*Task brief*
An exact reprint of the listing is required, with no pictures included.

*Recorded data*
· · · · ·
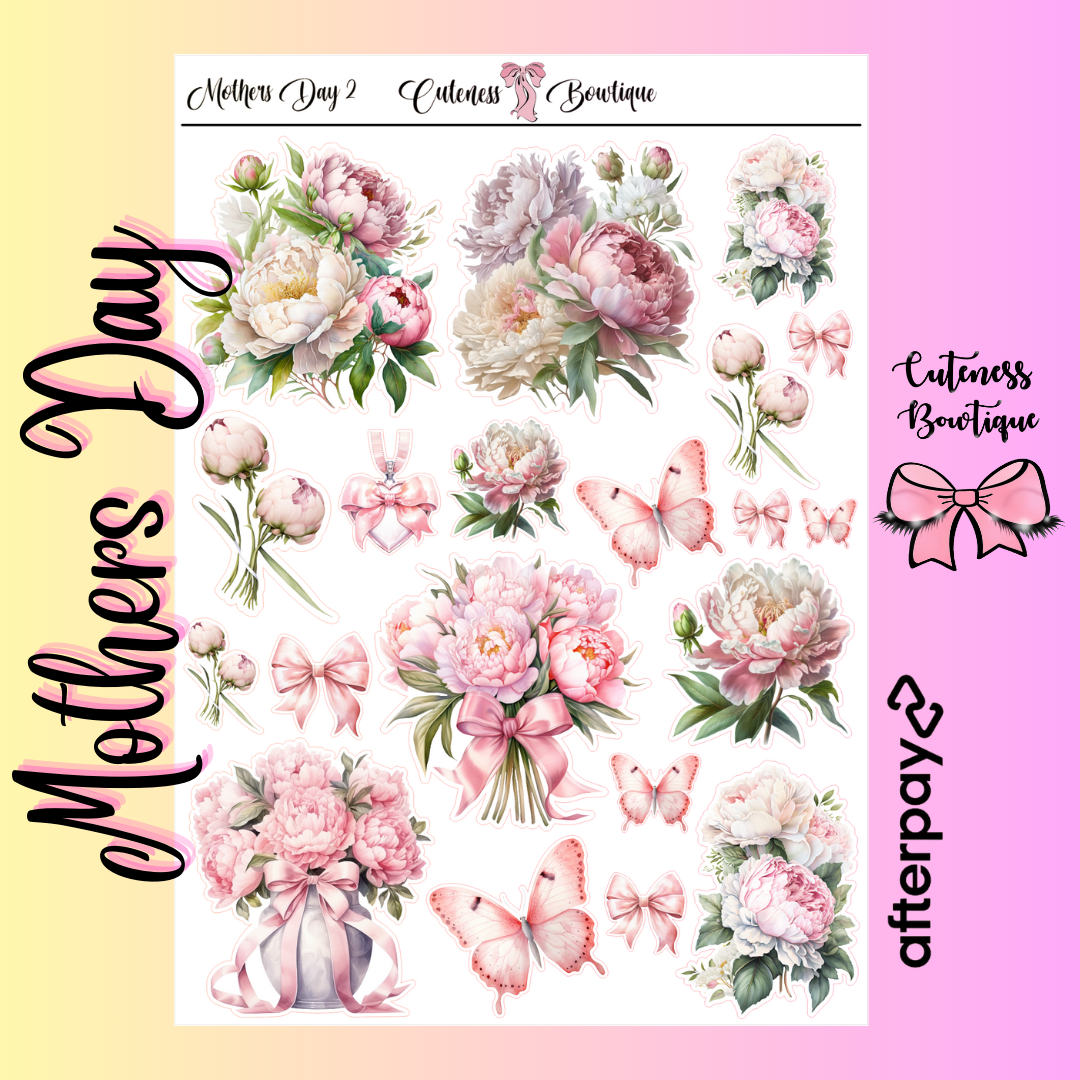 The Cuteness Journaling  Sticker Sheet | Cuteness Planner Stickers for Agendas, Planners, Notebooks, Dividers | MOTHERS DAY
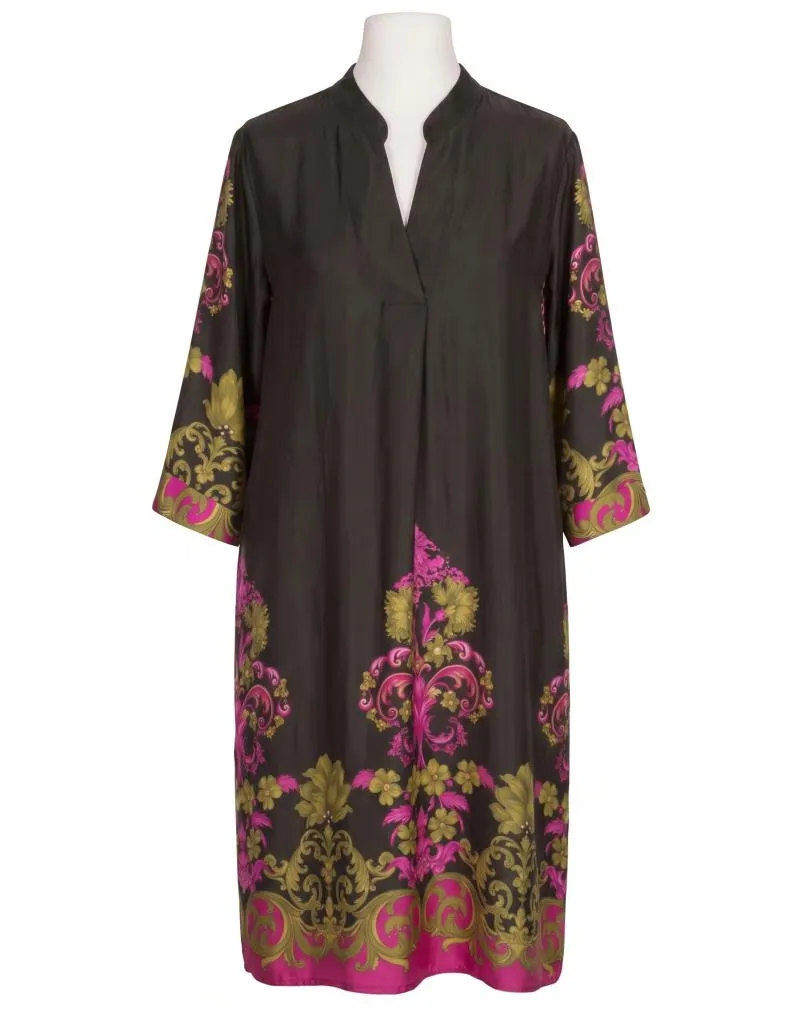 Tunika Kleid Ornamentmuster in dunkelbraun von Made in Italy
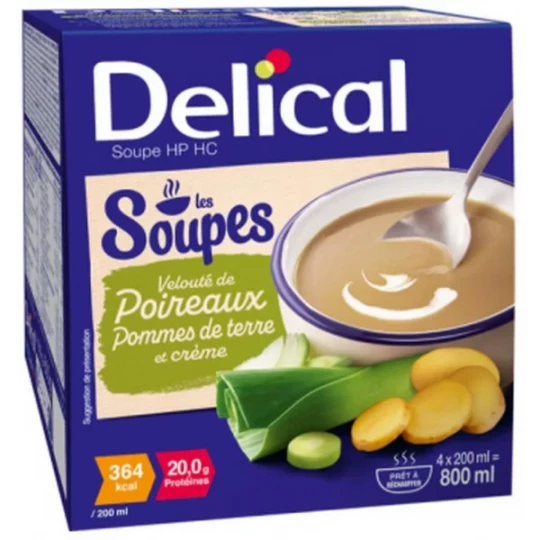 Delical Velouté Poireaux Pommes de Terre 4 x 200 ml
· · · · ·
*Response*
 The Cuteness Journaling  Sticker Sheet | Cuteness Planner Stickers for Agendas, Planners, Notebooks, Dividers | MOTHERS DAY
 Tunika Kleid Ornamentmuster in dunkelbraun von Made in Italy
 Delical Velouté Poireaux Pommes de Terre 4 x 200 ml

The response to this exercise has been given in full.